With the pictures excluded, retype the records that follow exactly.

Extracted records:
=-=-=

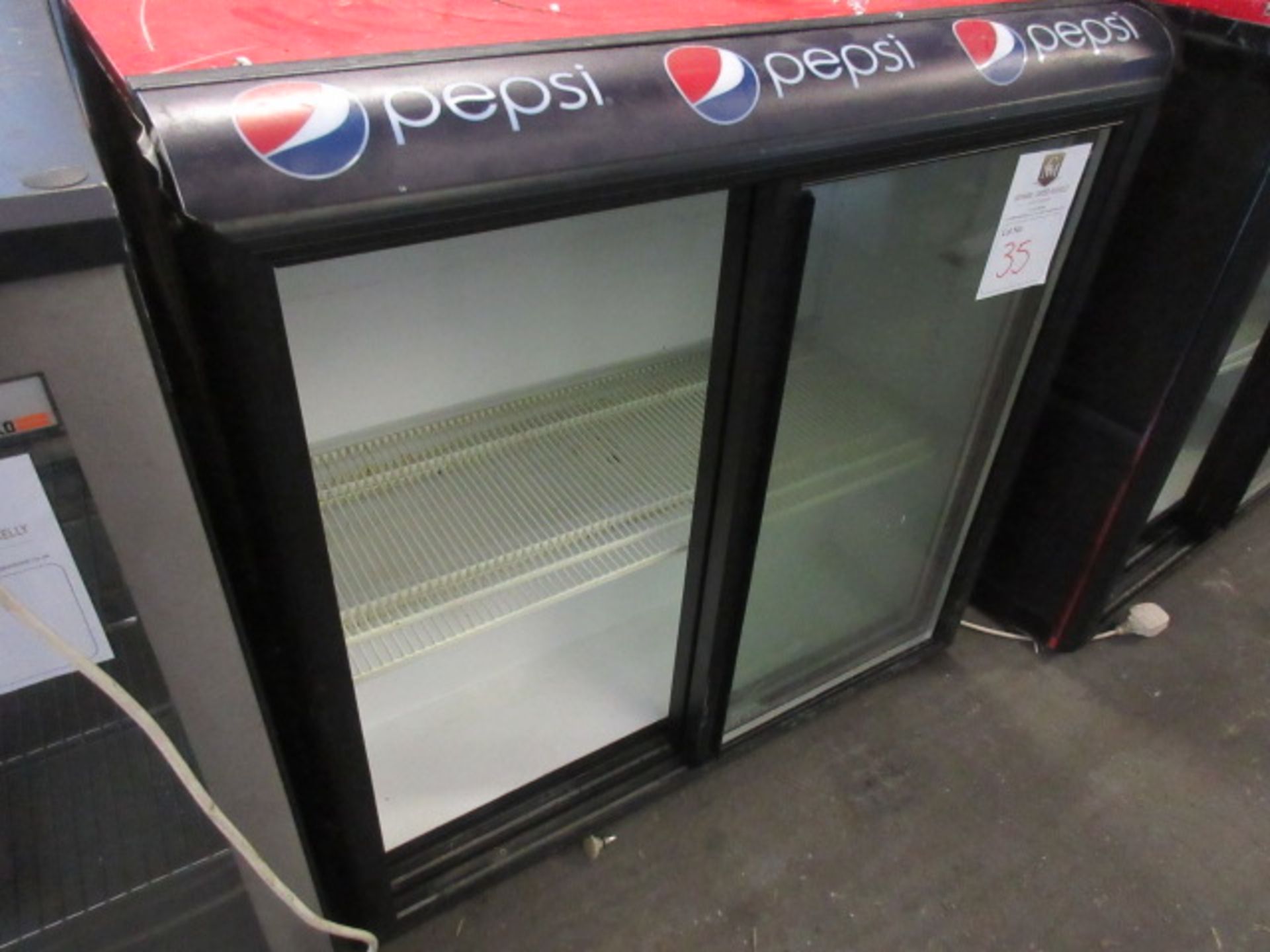 Frigoglass Ltd Norcool S66 Bottle Cooler. Double glass sliding doors, 240v, size 920 x 480 x 900mm h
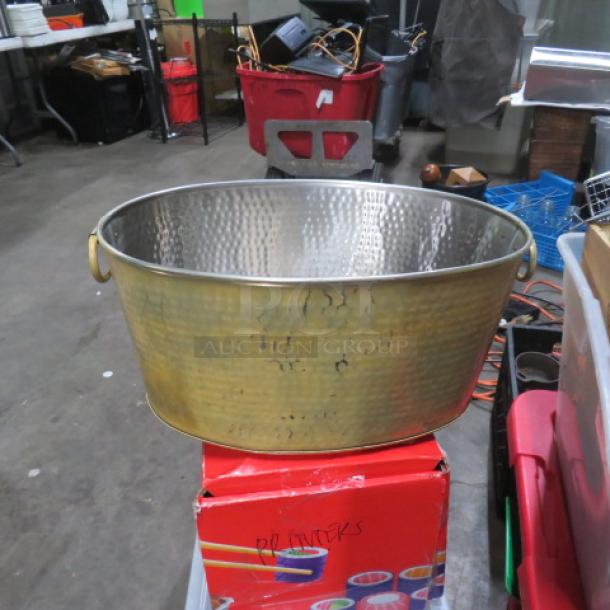 Hammered metal beverage tub, round with brass-like finish, good condition, side handles, visible hammered texture.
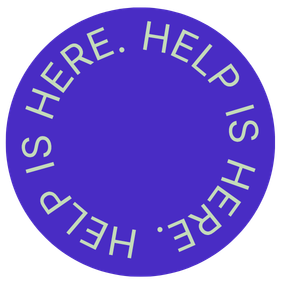 Purple circular sign with white text that says 'HELP IS HERE. HELP IS HERE. HELP IS HERE.'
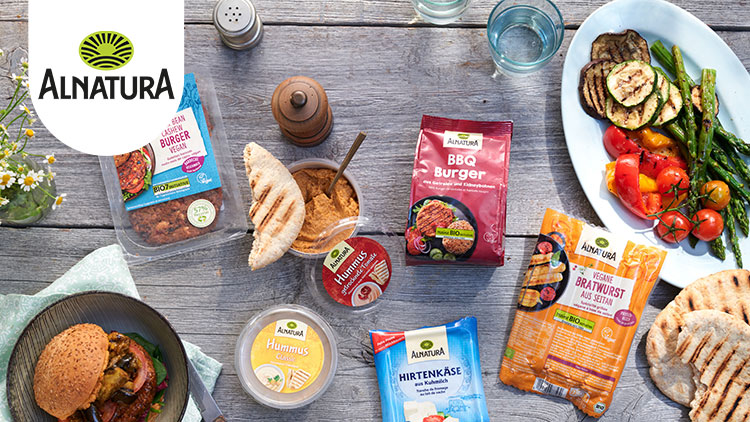 Holztisch mit Alnatura-Produkten wie Hummus, Burgerpatties, veganer Bratwurst, Grillgemüse, Fladenbrot und Blumenarrangement.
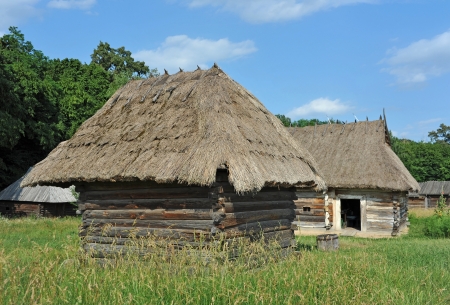 Ancient traditional ukrainian rural barn with a straw roofの写真素材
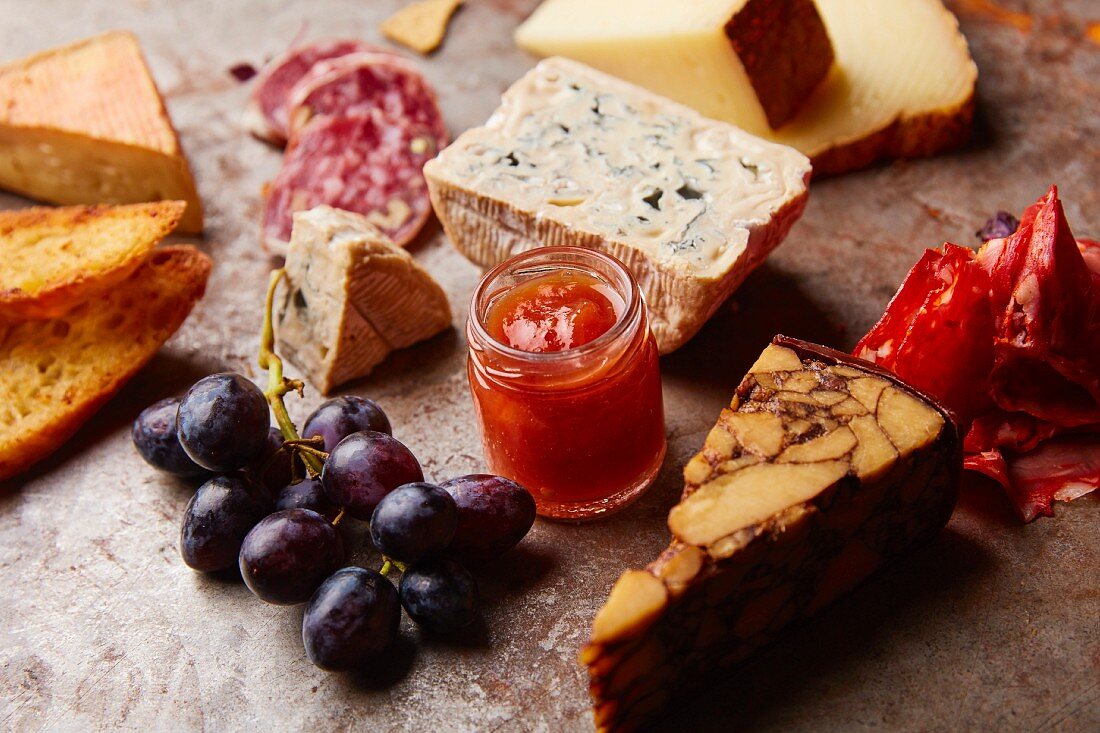 An appetizer platter with different types of cheese, salami, grapes and bread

=-=-=

Solution to this exercise:
 Frigoglass Ltd Norcool S66 Bottle Cooler. Double glass sliding doors, 240v, size 920 x 480 x 900mm h
 Hammered metal beverage tub, round with brass-like finish, good condition, side handles, visible hammered texture.
 Purple circular sign with white text that says 'HELP IS HERE. HELP IS HERE. HELP IS HERE.'
 Holztisch mit Alnatura-Produkten wie Hummus, Burgerpatties, veganer Bratwurst, Grillgemüse, Fladenbrot und Blumenarrangement.
 Ancient traditional ukrainian rural barn with a straw roofの写真素材
 An appetizer platter with different types of cheese, salami, grapes and bread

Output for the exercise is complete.